Satria Aji Imawan
Alumnus Jurusan Manajemen dan Kebijakan Publik (MKP) Universitas Gadjah Mada
Reformasi birokrasi terus bergeliat. Tidak main-main, landasan hukum berupa pengesahan UU ASN No 5 tahun 2014 dijadikan acuan. Niatnya mulia. Melalui UU ASN, diharapkan para ASN dapat bekerja lebih efektif, efisien dan stratejik. Disamping itu, UU ASN disahkan sebagai pengganti UU nomor 8 tahun 1974 dan UU nomor 43 tahun 1999 tentang Pokok-Pokok Kepegawaian. Berbeda dengan UU sebelumnya, UU ASN mengatur aparatur negara agar memiliki kemampuan profesional kelas dunia, berintegritas tinggi dalam melaksanakan tugas dan berbudaya kerja tinggi sehingga memperoleh kepercayaan publik. Perubahan peraturan perundangan menimbulkan pertanyaan: mungkinkah UU ASN merubah stigma kalau bisa dipersulit mengapa dipermudah?
Patut kita ingat bahwa birokrasi memegang peran penting. Kehadiran birokrasi menunjukkan kehadiran negara dalam wilayah tersebut. Melalui birokrasi, program pemerintah dan masalah-masalah masyarakat dikelola. Oleh karenanya birokrasi yang sakit, sama dengan negara yang sakit. Sadar peran dalam agenda besar negara, yakni kesejahteraan sosial bagi seluruh rakyat Indonesia (Pancasila, sila kelima), pemerintah secara lugas menekankan pentingnya merumuskan aturan untuk mengatur reformasi birokrasi. Agar warga negara tetap dapat perlakuan yang adil tanpa ada celah pungli dalam birokrasi.

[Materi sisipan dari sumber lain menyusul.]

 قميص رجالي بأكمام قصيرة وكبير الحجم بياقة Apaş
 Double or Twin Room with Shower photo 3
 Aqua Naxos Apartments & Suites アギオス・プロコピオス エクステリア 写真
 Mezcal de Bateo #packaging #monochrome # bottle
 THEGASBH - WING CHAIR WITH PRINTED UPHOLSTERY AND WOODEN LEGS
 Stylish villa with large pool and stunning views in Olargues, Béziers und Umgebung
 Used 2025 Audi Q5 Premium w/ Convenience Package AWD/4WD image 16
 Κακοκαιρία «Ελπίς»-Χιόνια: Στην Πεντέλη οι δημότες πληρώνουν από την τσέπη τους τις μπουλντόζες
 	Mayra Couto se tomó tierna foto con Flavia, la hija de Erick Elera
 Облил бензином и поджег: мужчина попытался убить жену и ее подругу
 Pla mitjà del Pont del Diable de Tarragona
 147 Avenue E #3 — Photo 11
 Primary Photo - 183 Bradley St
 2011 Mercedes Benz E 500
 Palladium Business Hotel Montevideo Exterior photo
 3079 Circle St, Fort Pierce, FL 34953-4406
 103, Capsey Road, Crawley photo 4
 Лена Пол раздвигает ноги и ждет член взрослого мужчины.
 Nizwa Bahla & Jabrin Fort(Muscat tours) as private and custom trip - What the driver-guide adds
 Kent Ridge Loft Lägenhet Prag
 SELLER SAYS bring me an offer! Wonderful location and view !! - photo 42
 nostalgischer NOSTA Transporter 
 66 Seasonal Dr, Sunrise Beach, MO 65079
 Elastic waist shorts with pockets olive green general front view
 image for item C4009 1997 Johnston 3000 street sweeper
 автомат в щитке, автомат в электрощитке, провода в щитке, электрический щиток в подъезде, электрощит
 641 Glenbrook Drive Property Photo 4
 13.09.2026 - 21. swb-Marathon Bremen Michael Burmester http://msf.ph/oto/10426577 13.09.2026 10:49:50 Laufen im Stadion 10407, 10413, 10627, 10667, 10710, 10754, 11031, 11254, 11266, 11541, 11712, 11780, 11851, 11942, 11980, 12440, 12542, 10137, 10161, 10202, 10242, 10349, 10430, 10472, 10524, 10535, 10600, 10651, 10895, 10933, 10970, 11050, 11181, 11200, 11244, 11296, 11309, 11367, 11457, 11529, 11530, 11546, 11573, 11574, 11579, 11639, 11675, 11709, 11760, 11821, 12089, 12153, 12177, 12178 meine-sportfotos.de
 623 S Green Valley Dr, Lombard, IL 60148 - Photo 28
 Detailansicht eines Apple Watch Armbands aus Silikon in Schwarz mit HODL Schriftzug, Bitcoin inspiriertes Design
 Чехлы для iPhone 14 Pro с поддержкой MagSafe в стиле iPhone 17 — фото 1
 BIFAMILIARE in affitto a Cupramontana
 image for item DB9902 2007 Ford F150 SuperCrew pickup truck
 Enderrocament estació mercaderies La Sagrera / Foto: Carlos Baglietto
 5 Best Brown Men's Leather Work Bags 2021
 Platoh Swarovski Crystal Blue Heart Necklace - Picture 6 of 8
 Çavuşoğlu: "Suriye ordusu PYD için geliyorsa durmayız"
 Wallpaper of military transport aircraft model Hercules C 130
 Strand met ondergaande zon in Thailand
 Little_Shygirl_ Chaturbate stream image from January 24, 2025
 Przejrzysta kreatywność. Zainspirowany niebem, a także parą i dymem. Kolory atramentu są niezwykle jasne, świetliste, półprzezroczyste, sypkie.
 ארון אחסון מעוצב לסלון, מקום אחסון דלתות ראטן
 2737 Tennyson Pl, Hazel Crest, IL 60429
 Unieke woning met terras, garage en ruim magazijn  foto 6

Tantangan reformasi birokrasi cukup berat. Persoalan bukan kendala teknis, melainkan persoalan kebiasaan atau kultural. Sebagai contoh, audit keuangan selalu menjadi momok bagi ASN dan dianggap sebagai ancaman. Imbasnya, program-program yang disusun oleh dinas-dinas tidak inovatif dan kreatif. Pikirannya sederhana, daripada terganjal urusan administratif, lebih baik melakukan kebiasaan yang sudah ada. Padahal dalam UU ASN, inovasi dan kreativitas dalam mengelola anggaran lebih ditekankan. Kunci terdapat pada perubahan mindset dari para ASN.
Seperti diurai di atas, penerapan UU ASN bersinggungan dengan kultur birokrasi yang ada. Contoh lain adalah kasus lelang jabatan Lurah Susan medio 2013 yang mendapatkan penolakan, baik dari masyarakat maupun elemen birokrasi itu sendiri. Penolakan ini bersumber belum terbiasanya, baik masyarakat maupun birokrasi terhadap sistem lelang jabatan. Padahal, apa yang dilakukan Gubernur DKI Jakarta saat itu sudah sesuai dengan UU ASN, yaitu pejabat yang berwenang memiliki kewenangan untuk melakukan seleksi jabatan berdasarkan sistem merit (profesional).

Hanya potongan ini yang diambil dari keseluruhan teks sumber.